▶ ASSIGNED TASK
Dropping every picture, set down exactly the lines in the entries below, starting with the line with "used 2023 Tesla" and going on through the line with "overlord-albedo-17-scale-figure-restrained-ver image count".

▶ RECORD EXTRACTS
BEGIN

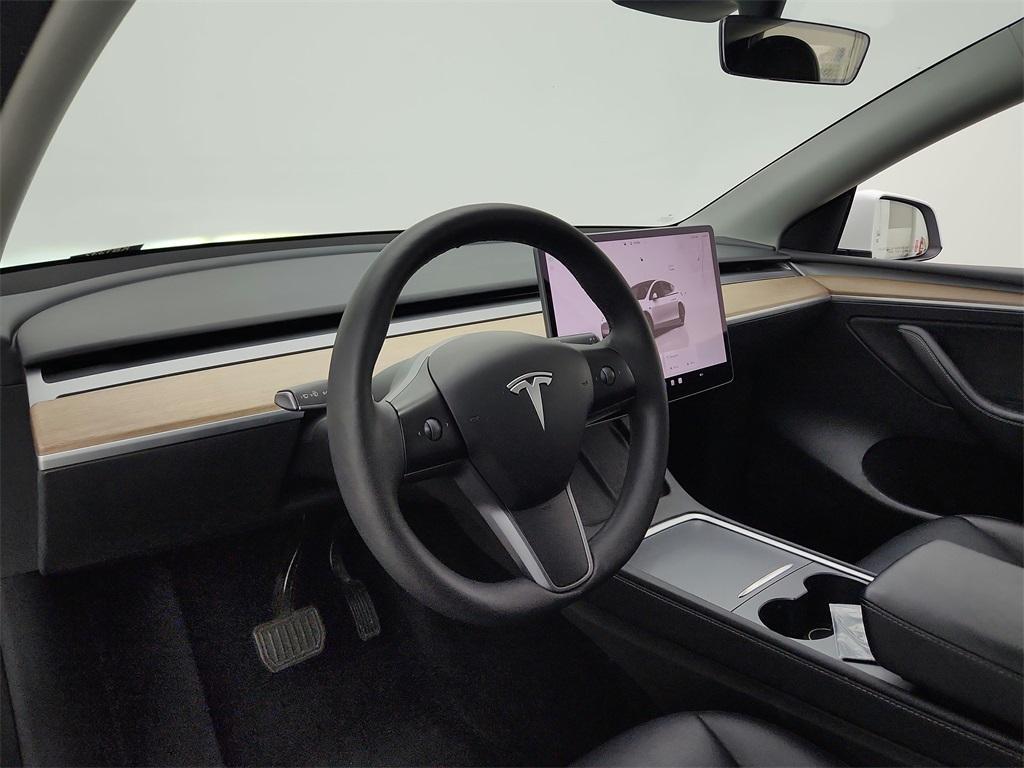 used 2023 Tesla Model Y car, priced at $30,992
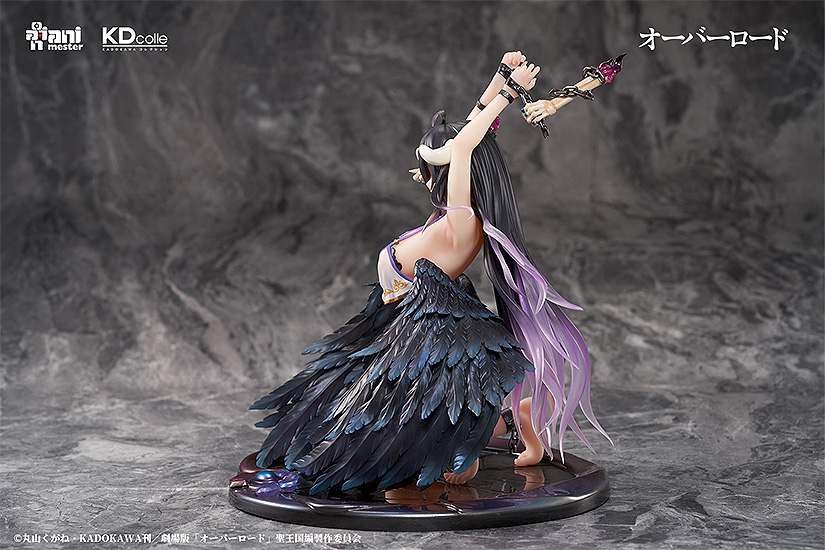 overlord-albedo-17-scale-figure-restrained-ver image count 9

END
BEGIN

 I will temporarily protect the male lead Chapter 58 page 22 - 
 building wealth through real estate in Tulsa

END

▶ REPLY
 used 2023 Tesla Model Y car, priced at $30,992
 overlord-albedo-17-scale-figure-restrained-ver image count 9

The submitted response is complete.